Opinión Nacional

No acostumbrarse al horror

Durante la carnicería final que precedió la liberación de Argelia, la gente entraba al cine saltando sin mucho miramiento sobre cadáveres tirados en el suelo. Es el lado espantable de los hábitos. Minimizando la conciencia moral para soportar lo insoportable, los humanos nos resignamos a convivir con horrores, aberraciones y dictadores. Bolívar previno a la humanidad contra tales acostumbramientos y las patológicas empatías víctima-verdugo que crean: «Nada es tan peligroso como dejar permanecer largo tiempo en un mismo ciudadano el poder. El pueblo se acostumbra a obedecerle y él se acostumbra a mandarlo, de donde se origina la usurpación y la tiranía».

¿Será acaso la Mesa de Unidad la más ilustre víctima de esa  paralizante y secreta fascinación por el déspota? Avanza raudo el implante  de un comunismo real, y nada; Túnez, Egipto y Yemen envían clamorosos  avances de lo que 52% de los venezolanos desearía reproducir acá, y allí  no hay quien lea la señal; a Chávez se le ha exacerbado la verborrea, les  habló ¬encima¬ por más de siete horas en la Asamblea, y la MUD  mutis por el foro. De seguir con tan circunspectos equilibrismos,  otros actores terminarán por remplazarla.

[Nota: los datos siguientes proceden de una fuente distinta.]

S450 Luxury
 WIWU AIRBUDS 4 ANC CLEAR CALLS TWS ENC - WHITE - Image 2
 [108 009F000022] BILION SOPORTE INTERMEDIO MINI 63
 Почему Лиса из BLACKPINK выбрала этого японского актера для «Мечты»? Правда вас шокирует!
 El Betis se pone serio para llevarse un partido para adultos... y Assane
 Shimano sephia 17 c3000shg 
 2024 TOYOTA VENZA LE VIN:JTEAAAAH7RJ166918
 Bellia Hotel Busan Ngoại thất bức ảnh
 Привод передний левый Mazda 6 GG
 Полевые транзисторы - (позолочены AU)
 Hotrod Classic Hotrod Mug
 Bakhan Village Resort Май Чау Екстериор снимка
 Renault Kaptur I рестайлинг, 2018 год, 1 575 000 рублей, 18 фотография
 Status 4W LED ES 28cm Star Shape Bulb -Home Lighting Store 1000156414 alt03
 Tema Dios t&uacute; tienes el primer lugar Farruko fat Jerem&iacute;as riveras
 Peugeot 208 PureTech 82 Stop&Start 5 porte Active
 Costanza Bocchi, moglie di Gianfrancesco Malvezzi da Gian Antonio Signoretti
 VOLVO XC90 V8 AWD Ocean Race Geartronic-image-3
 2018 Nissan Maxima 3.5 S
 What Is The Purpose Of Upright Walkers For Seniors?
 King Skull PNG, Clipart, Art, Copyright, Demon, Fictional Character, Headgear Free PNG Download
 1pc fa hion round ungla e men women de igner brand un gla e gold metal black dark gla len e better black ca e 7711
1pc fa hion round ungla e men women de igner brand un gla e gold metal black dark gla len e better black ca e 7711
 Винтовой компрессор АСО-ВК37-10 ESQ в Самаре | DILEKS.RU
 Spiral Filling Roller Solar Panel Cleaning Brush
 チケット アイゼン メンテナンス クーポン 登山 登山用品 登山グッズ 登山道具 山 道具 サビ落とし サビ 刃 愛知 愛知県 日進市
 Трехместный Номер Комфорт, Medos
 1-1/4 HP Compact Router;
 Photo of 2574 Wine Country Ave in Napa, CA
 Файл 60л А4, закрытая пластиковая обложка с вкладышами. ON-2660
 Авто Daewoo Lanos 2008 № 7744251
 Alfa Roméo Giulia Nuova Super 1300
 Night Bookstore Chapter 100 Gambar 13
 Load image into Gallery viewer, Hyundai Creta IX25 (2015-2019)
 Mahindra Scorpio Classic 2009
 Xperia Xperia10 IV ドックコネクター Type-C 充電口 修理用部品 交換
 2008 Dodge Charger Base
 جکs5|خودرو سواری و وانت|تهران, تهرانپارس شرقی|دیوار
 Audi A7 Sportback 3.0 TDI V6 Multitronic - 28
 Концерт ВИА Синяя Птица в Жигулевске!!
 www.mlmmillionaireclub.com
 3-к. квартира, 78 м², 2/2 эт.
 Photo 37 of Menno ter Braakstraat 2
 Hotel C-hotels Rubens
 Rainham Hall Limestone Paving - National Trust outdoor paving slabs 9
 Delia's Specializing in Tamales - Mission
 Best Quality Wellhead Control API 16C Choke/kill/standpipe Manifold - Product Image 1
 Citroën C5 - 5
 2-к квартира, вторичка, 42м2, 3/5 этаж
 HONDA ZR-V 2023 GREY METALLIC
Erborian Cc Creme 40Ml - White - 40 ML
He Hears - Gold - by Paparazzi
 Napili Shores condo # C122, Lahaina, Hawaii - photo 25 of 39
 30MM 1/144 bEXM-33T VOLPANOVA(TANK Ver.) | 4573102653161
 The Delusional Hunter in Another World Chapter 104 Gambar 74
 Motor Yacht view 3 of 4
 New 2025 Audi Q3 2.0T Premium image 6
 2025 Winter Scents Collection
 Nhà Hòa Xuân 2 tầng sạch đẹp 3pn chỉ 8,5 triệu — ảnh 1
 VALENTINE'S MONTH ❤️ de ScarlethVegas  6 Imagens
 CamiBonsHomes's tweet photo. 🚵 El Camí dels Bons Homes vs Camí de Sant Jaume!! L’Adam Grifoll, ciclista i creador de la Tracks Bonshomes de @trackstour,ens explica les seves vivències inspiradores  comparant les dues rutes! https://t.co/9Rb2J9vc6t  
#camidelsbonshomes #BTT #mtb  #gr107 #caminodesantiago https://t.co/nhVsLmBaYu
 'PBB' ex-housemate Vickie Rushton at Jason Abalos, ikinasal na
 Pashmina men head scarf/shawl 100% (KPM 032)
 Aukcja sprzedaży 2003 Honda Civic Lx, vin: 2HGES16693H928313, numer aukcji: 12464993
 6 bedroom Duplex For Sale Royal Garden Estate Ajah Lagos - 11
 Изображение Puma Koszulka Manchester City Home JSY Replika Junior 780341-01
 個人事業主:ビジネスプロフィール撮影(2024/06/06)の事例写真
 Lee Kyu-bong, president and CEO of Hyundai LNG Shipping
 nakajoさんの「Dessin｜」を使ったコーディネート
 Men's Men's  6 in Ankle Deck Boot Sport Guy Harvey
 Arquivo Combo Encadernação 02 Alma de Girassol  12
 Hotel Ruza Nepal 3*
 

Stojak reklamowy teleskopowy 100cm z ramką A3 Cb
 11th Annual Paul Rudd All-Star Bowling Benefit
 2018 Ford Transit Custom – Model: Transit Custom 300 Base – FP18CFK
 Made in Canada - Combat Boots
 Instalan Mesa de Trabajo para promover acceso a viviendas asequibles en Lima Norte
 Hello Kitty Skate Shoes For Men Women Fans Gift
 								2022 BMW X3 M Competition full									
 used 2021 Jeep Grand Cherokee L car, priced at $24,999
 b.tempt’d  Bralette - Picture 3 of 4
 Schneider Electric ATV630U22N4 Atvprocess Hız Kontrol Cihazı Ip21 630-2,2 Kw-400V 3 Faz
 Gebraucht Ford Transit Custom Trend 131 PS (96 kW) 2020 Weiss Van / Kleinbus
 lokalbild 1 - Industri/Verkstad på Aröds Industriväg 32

Muchas empatías  patológicas se resuelven el día en que la víctima, en un sobresalto de  conciencia, se zafa de su íncubo y denuncia al victimario.

La  actual aceleración hacia la dictadura puede inducir más fatalismo o  desencadenar el sobresalto curativo; procede, pues, suscitar un proceso  masivo de desacostumbramiento al horror, dar libre salida a aquel  «pensamiento negativo» que mueve la historia, teorizado por Adorno y otros  bajo el lema «lo que es debe ser negado». El día en que Venezuela amanezca  desalienada y convencida de que esta destrucción capilar del país a mano  de dinosaurios políticos es definitivamente un horror, ese mismo día  hallará la fórmula para acabar con la pesadilla.

¿Cómo nos hemos  podido acostumbrar a que un militar, dilapidando 1 billón de dólares y  violando la Constitución, nos imponga un régimen que fracasó en 46 países  y causó 100 millones de muertos, o a sus cotidianos vituperios e  incitaciones al odio, a su «gas del bueno» para todo el que se mueva, sus  avisos de que «habrá guerra» si la oposición gana, su «defensores  de carroña» al estudiantado democrático, su cambio de reglas electorales a  cada elección para ganar siempre; su concepción del progreso condensada en  su slogan: «A mí me gusta un rancho, pero bien hecho», más el de su  presidenta del TSJ: «El conuco es la forma más perfecta de producción»,  más las deposiciones de su Asamblea de que los supermercados (inventados  por las civilizaciones semitas hace 4.000 años) son «la expresión del  capitalismo opresor»? ¿Cómo nos hemos acostumbrado a tanto horror  en un país que a estas alturas ha podido ser la Suecia de Latinoamérica? 

Algunos hábitos masoquistas han calado hondo, como la resignación a que  Chávez, el capataz mediático, nos gobierne por telenovela y nos adoctrine  en cadena; más de 2.000 abusos de posición dominante en 12 años, con  violación de emisora ajena, privación de libertades individuales y  creación de estado de peligro por dejar al país entero desconectado del  flujo normal de informaciones hasta por 8 horas. ¿Qué sucedería, Dios no  quiera, si una de sus alocuciones impidiese informar tempestivamente a la  población de algún desastre natural o humano en curso?

El más grave hábito  concierne, obviamente, a la inseguridad, nuestra conversión en país más  violento de la Tierra. Chávez la «descubre» muy tarde y pía ¬desde su  nivel cero de credibilidad¬ que «es responsabilidad de todos». Él  terminará juzgado por no-prestación de ayuda a la sociedad en peligro. 

Esos muertos son casi todos del cerro, allí donde Chávez debería  desplegar a sus milicianos como lo hizo Lula para que baje el número de  madres que lloran al hijo asesinado. No lo ha hecho porque el cerro,  reservorio de su imagen de Robin Hood, le provee la mayoría de sus votos y  sus milicias armadas. ¡El horror puro!